BEGIN RECORD EXTRACTS

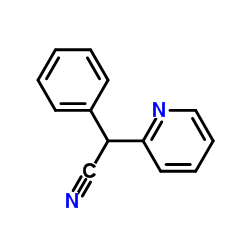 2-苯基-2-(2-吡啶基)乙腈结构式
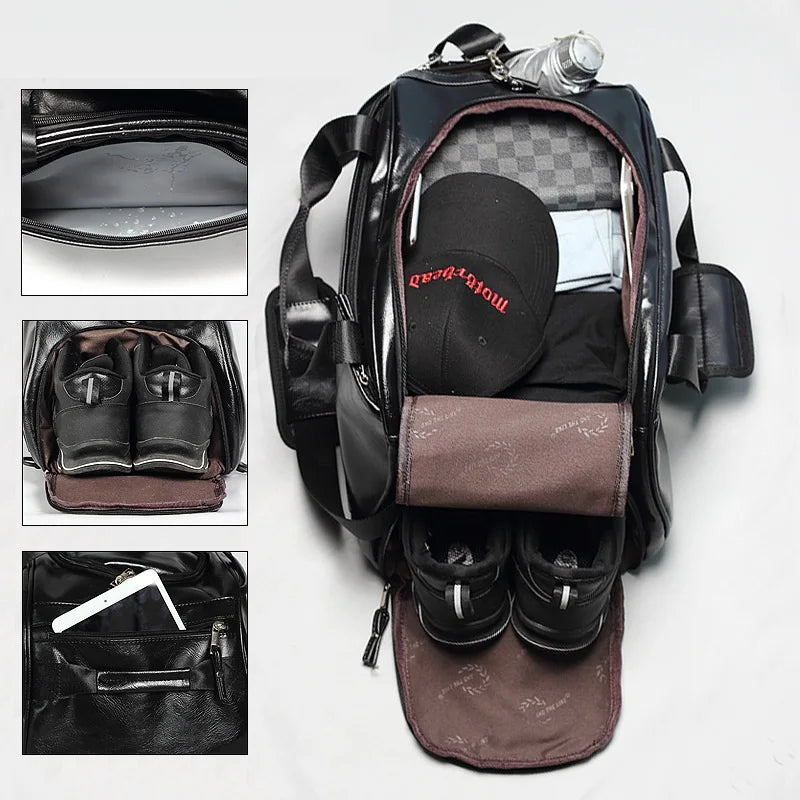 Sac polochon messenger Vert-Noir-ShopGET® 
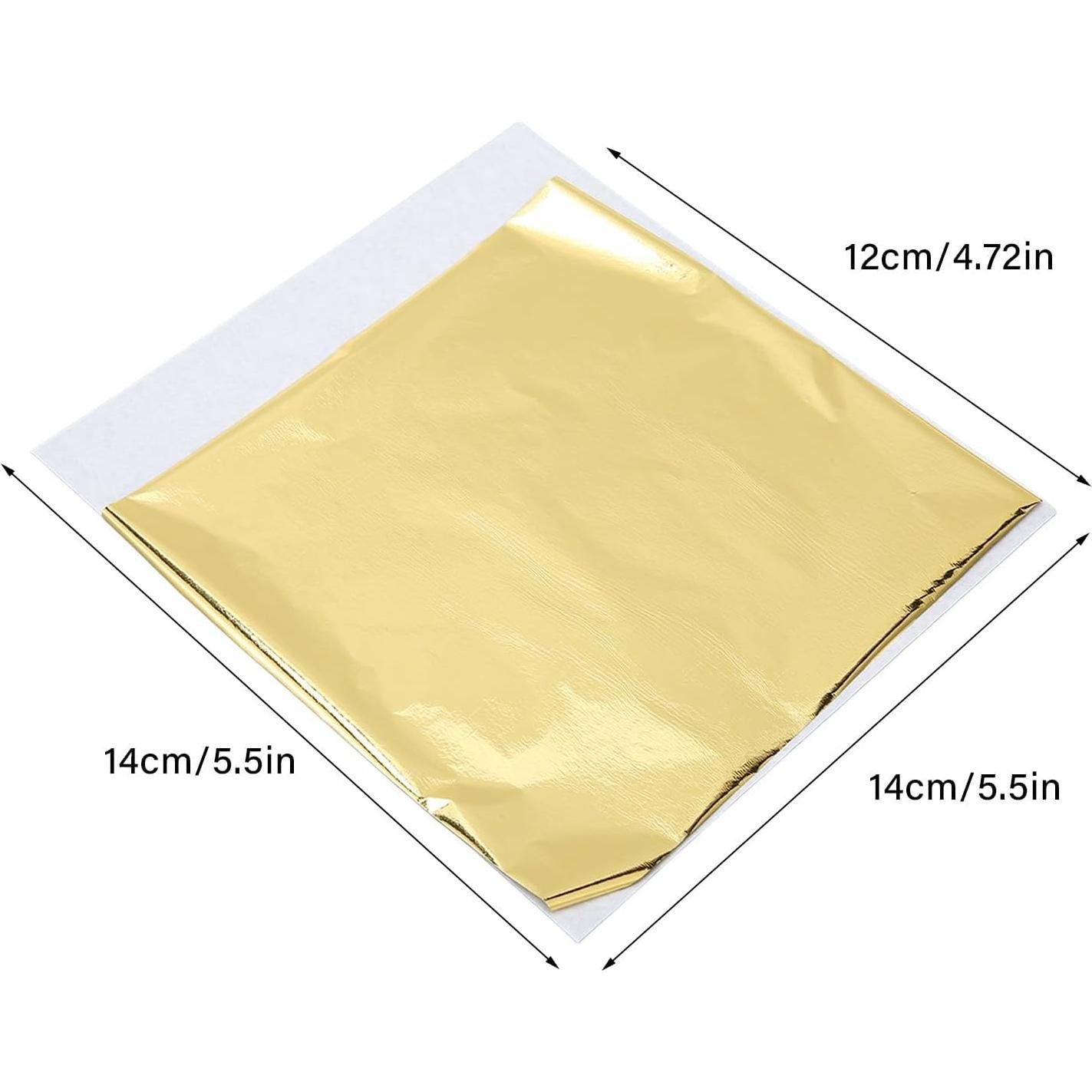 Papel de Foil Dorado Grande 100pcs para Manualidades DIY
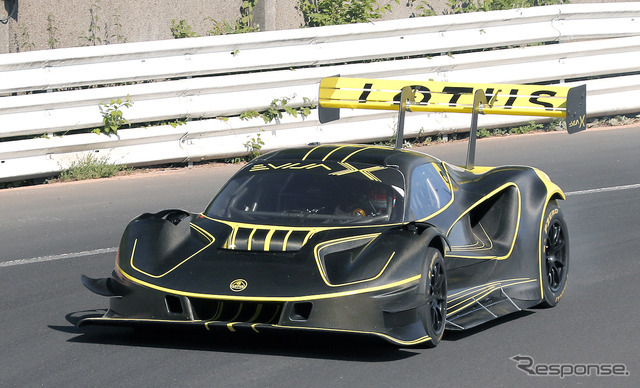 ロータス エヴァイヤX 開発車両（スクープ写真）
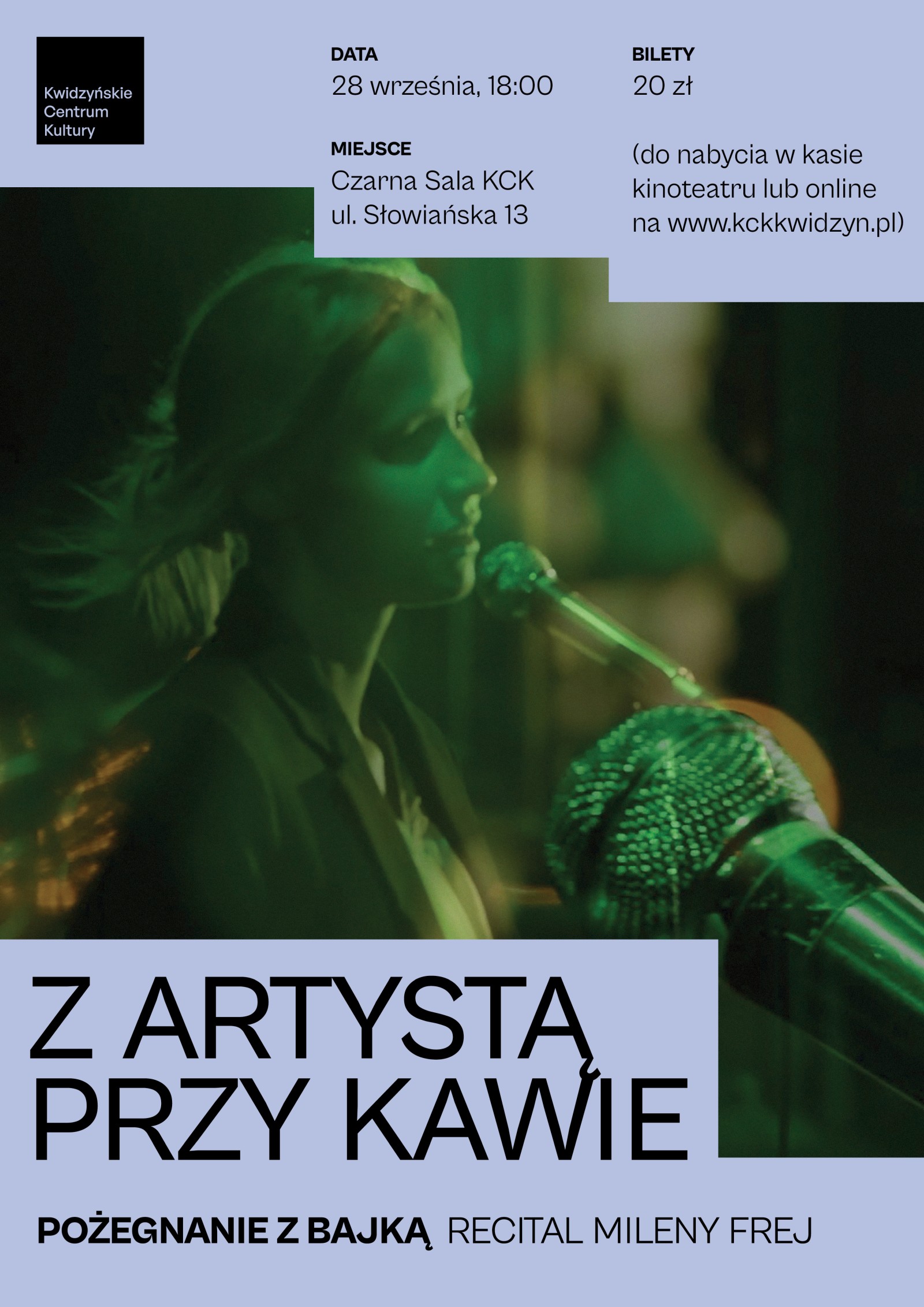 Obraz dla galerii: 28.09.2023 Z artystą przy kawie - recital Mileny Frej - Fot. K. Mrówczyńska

END RECORD EXTRACTS
BEGIN RECORD EXTRACTS

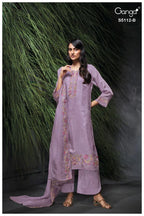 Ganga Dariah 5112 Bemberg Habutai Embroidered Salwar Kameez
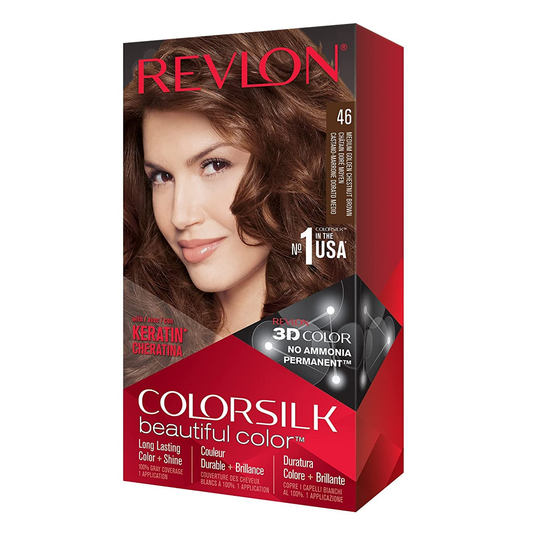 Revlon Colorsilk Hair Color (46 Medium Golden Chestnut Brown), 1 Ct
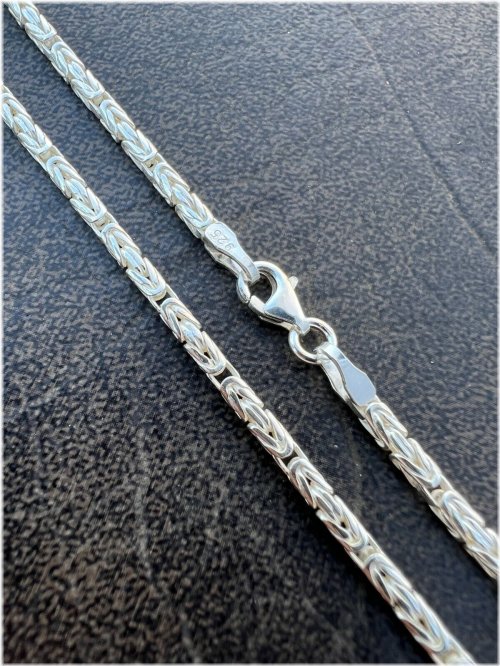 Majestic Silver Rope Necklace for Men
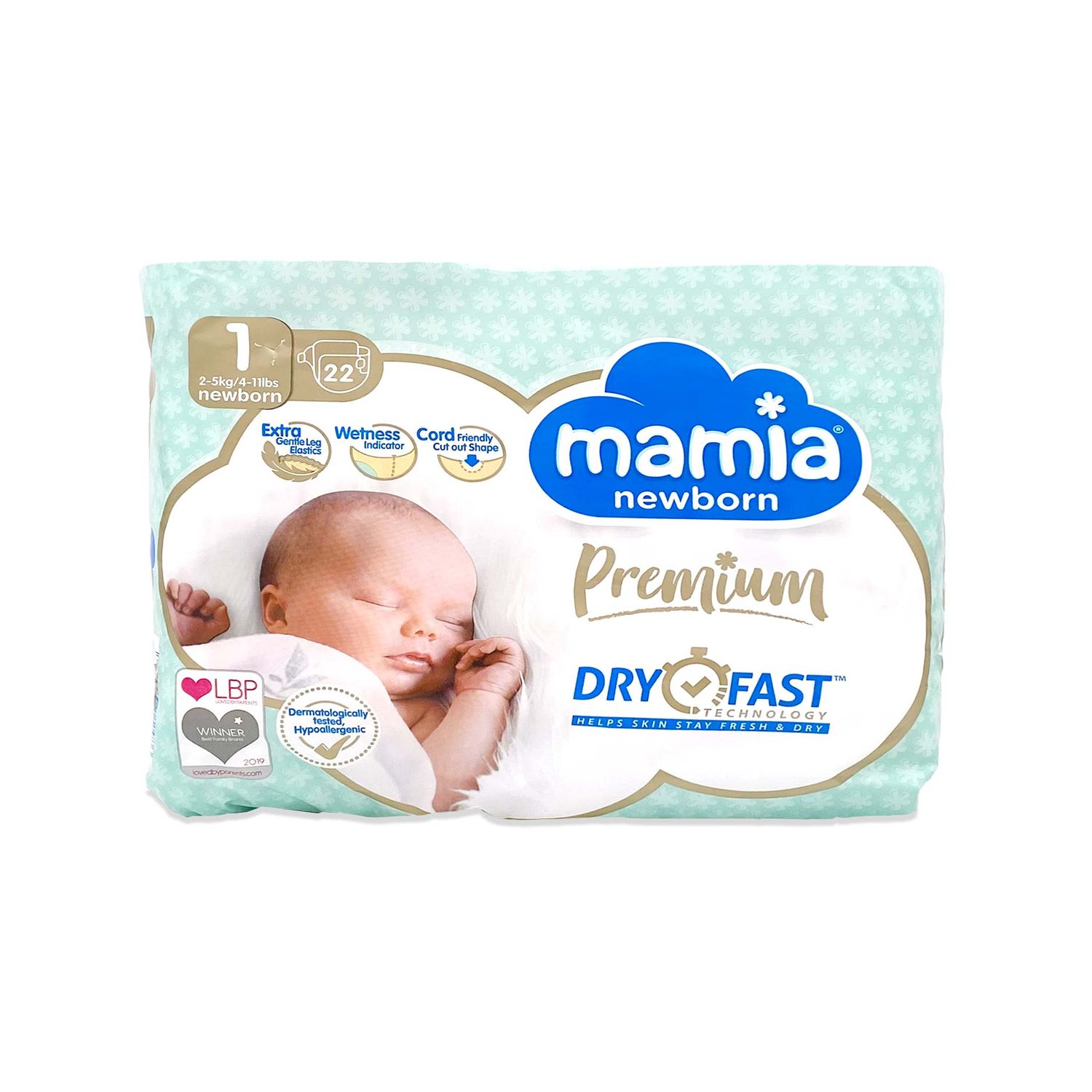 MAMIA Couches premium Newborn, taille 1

END RECORD EXTRACTS
BEGIN RECORD EXTRACTS

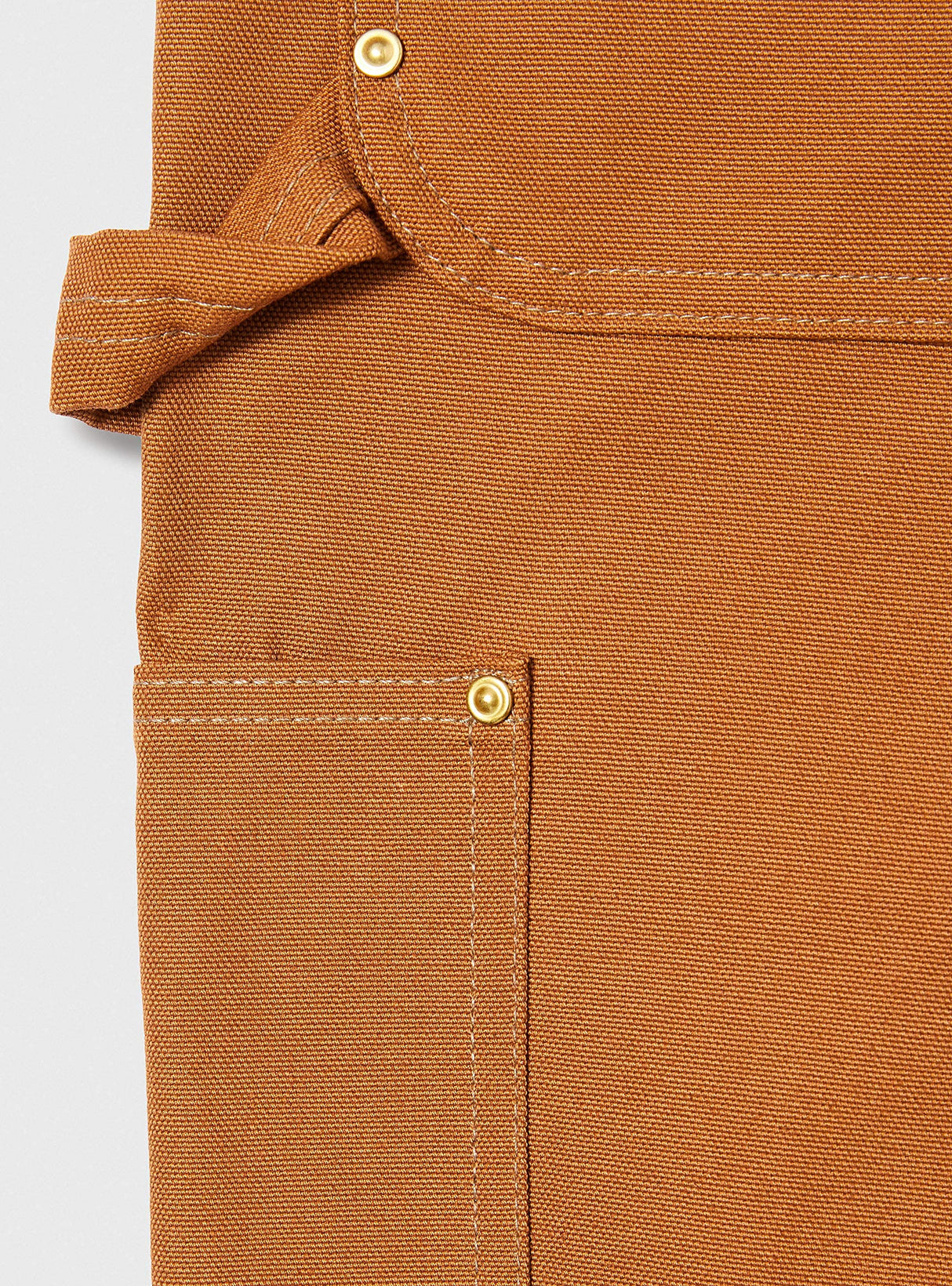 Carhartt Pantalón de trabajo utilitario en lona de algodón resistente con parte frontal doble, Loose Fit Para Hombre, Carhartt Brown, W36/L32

END RECORD EXTRACTS

→ **EXERCISE PROMPT**
Keep to the stretch from the line containing "2-苯基-2-(2-吡啶基)乙腈结构式" through the line containing "Obraz dla galerii: 28.09.2023", both ends included, and copy it exactly from the listing above, minus the pictures.

→ **ANSWER FOR THIS EXERCISE**
 2-苯基-2-(2-吡啶基)乙腈结构式
 Sac polochon messenger Vert-Noir-ShopGET® 
 Papel de Foil Dorado Grande 100pcs para Manualidades DIY
 ロータス エヴァイヤX 開発車両（スクープ写真）
 Obraz dla galerii: 28.09.2023 Z artystą przy kawie - recital Mileny Frej - Fot. K. Mrówczyńska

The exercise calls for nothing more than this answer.